Sequence Numbers- The sequence number sent will be representative of the first byte of the segment, and will be incremented according to the first byte being sent of the segment. This sequence number will essentially be the identifier for segments. Sequence numbers play a crucial role in TCPs reliability as it can be used to detect lost or missing segments, detect duplicate segments, and allow the receiver to reorder any segments that arrived out of order. The reason why the first sequence number is a random sequence number is to prevent malicious TCP attacks where the attacker will try to guess the sequence number. An example of how sequence numbers are used is the client initiates a session with a server and sends a random sequence number (ISN) of 1500, and for this sequence number it does not account for any data payload. Once the session is established, then the first byte of data that will be sent will be sequence number 1501, and if it sends 499 bytes then the next sequence number will be 2000. If the bytes sent is 499 bytes again then the next sequence number will be 2500 and so on. 

Three-Way Handshake- After the first SYN is sent with the ISN of the client, the server then sends a SYN-ACK. This is a combination of both a SYN and an ACK. So the SYN being the servers own ISN which is completely random and not related to the clients number, then the ACK is to acknowledge the clients SYN putting the value of the clients ISN + 1. 

Once the client receives the SYN-ACK flags in the TCP segment, it will send a final ACK flag with the value of the server’s ISN + 1. After this ACK is received, the connection has been established and data is ready to be transferred. 

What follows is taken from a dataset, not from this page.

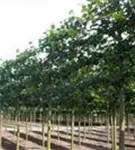 Kaiserlinde 'Pallida' - Tilia europaea 'Pallida' - Formgehölze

The rest of the exchanges will just be data being sent and since the connection is most likely full-duplex both sides can send data at the same time. Once the connection is established, TCP segments will be back and forth with the sequence numbers in the headers and ACK flags with the value of the next expected byte.

Cumulative Acknowledgement- In TCP, there is something called “Cumulative Acknowledgement.” Every segment must be acknowledged. Since every segment contains its own segment number, cumulative acknowledgement prompts the receiver of the segment to send an ACK that contains the value of the next expected byte that is to be received. So if a client sends a segment to a server with a sequence number of 500 that is 500 bytes large, the server will acknowledge this number by sending a TCP segment with an ACK flag with the value of 1000. This indicates that the server received bytes 500 to 999, and is expecting a TCP segment with a sequence number of 1000. This allows every single segment to be acknowledged up to the byte. 

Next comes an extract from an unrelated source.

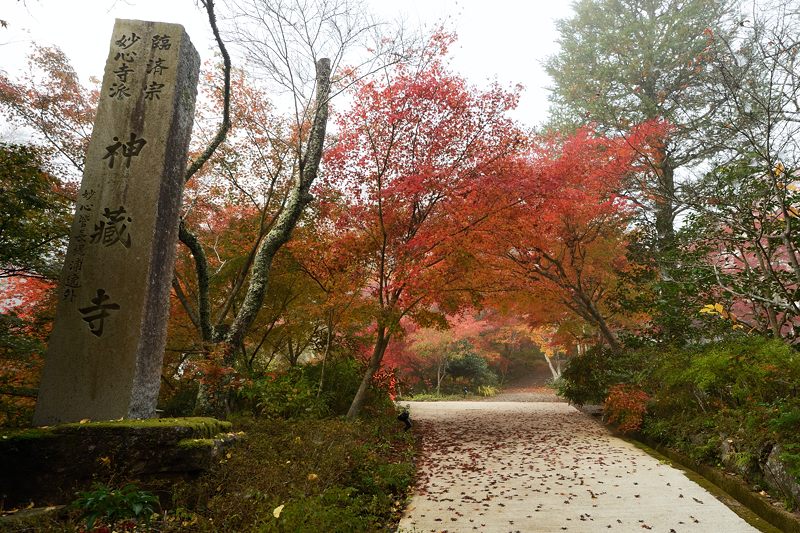 2013京都の紅葉!・神蔵寺 其の一_f0032011_2001217.jpg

Four-Way Handshake- TCP also closes the connection gracefully. When one side is done transferring data it sends a TCP segment with the FIN flag set. When the server receives the segment with the FIN flag, it will send back a segment with an ACK flag. This ACK will close one half of the communication. Since it is full duplex, both sides need to terminate the connection independently. During this half-closed state, the server can finish sending whatever data it needs to send and once it’s finished it will send a TCP segment with a FIN flag set. When the client receives that and sends back a segment with an ACK flag, the connection will finally be closed and gracefully.